METHODS: Participants were stratified to untrained and advanced skill groups on the basis of number of endovascular procedures previously performed. Baseline performance was assessed by means of a pretest, and participants were randomized to practice and no-practice groups. Practice consisted of a 30-minute to 60-minute proctored session before taking a final test; those in the no-practice group proceeded directly to the final test without this session. Primary outcomes were completion of a standardized protocol and the length of time needed to complete all steps.
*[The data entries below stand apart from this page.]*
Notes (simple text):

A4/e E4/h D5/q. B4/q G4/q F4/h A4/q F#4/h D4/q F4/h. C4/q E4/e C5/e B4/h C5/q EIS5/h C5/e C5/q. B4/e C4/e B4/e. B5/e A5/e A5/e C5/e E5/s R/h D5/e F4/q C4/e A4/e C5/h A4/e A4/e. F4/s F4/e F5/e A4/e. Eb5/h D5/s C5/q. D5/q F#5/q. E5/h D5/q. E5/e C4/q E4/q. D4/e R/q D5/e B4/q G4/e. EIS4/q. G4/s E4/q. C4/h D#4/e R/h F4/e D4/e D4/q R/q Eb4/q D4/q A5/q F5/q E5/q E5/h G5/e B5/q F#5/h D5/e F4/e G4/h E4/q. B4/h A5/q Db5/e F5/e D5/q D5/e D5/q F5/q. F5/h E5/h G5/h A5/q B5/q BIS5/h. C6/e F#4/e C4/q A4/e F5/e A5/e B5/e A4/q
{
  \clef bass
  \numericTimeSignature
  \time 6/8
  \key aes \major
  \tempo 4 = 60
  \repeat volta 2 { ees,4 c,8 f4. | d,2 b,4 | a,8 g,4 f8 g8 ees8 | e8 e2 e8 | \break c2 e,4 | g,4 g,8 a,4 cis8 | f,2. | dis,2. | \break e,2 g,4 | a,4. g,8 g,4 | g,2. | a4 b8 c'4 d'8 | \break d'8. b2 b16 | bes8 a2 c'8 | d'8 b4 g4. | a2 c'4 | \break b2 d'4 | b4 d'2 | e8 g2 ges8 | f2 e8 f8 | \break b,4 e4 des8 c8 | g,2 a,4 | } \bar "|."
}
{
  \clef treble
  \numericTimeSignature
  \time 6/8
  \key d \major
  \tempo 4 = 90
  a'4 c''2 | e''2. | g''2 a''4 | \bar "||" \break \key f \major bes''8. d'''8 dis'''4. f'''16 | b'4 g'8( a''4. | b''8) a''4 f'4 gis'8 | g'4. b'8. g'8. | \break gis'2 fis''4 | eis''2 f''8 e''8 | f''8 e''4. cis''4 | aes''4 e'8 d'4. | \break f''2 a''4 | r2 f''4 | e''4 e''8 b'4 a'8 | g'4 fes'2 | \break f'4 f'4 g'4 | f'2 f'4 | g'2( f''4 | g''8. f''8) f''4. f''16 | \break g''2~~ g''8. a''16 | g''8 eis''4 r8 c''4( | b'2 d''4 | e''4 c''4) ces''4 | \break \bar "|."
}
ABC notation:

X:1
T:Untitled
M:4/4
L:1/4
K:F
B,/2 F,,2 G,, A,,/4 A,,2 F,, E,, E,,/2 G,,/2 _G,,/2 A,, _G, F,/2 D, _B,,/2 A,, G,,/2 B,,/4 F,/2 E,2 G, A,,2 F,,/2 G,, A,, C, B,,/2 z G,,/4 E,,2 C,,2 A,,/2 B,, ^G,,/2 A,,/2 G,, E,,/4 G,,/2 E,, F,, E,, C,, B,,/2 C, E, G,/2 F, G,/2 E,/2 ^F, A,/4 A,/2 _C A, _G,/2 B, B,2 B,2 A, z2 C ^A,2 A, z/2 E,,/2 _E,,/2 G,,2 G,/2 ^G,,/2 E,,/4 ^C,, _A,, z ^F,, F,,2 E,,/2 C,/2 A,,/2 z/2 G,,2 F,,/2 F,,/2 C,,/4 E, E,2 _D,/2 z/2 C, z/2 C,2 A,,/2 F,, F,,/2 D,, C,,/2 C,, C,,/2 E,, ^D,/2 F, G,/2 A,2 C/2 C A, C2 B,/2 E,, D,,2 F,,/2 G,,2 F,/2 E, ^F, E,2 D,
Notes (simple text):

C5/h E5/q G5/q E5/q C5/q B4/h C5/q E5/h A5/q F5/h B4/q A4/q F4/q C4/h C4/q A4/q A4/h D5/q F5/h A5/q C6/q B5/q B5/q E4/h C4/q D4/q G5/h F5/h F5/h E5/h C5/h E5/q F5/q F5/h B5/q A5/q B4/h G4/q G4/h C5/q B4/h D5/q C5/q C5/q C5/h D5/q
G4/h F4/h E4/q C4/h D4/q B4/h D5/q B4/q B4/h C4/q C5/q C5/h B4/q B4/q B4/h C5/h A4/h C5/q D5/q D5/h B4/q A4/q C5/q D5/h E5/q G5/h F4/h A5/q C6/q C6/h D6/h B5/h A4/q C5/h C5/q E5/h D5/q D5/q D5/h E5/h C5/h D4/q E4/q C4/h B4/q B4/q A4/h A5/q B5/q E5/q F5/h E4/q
RESULTS: Twenty-nine subjects (16 untrained, 13 advanced) participated fully in the study. Ninety-two percent of participants in the advanced group successfully completed the pretest, versus 63% in the untrained group (P = .09); mean time to successful completion was 29.9 +/- 4.8 (mean +/- SD) versus 48.0 +/- 9.9 minutes, respectively (P < .001). Subjects who received no practice did not significantly improve their completion times between pretest and final test, whereas those who received practice did (novice, 47.9 +/- 7.0 minutes vs 24.5 +/- 2.9 minutes, P < .001; advanced, 29.6 +/- 3.1 minutes vs 20.2 +/- 4.1 minutes, P < .001). The group without previous training had significantly more time improvement from training than did the advanced group. Exit survey results showed that those who had the opportunity to practice more commonly believed that the simulator increased their endovascular skills and interest in vascular surgery (both P < .01 vs untrained group).
CONCLUSIONS: Performance on the carotid stenting simulator correlated with previous endovascular experience. Although both novice and advanced groups improved their time after a 30-minute to 60-minute proctored training session, improvement in the novice group was greater than that in the advanced group, which suggests that novices may benefit disproportionately from this type of training.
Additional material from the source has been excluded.